I conclude that Objection TRF4  (No Favorable Circumstances) FAILS.  In Part 1 through Part 6 of this series, I have now shown that five out of seven (or at least 71%) of McDowell’s objections against the Hallucination Theory FAIL:

That leaves us with only Objection TRF2 and Objection TRF7.  Although there is still a chance that one or both of those objections is a good and solid objection to the Hallucination Theory, the fact that five out of seven of McDowell’s objections have FAILED is a clear indication that McDowell has little or no ability to distinguish between a good argument and a bad one (or else that he just doesn’t give a damn about the quality of his arguments).
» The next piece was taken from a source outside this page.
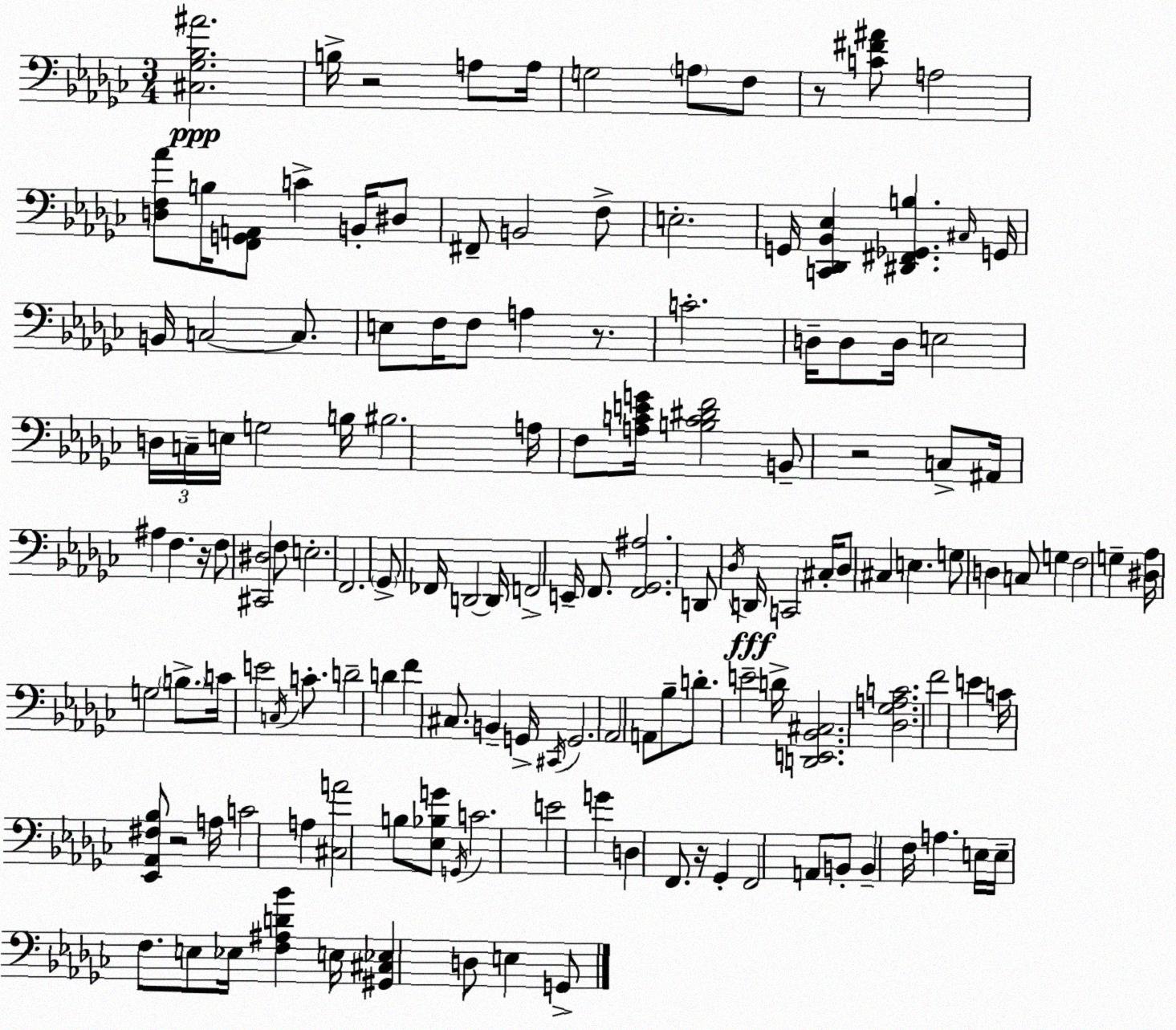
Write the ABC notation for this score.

Also, given that no other Christian apologists who present similar objections against the Hallucination Theory provide any relevant EVIDENCE to support the alleged “psychological principles” upon which these objections are based, we can also reasonably conclude that many (most?) Christian apologists either lack the ability to distinguish between a good argument and a bad one or else they just don’t give a damn about the quality of their arguments.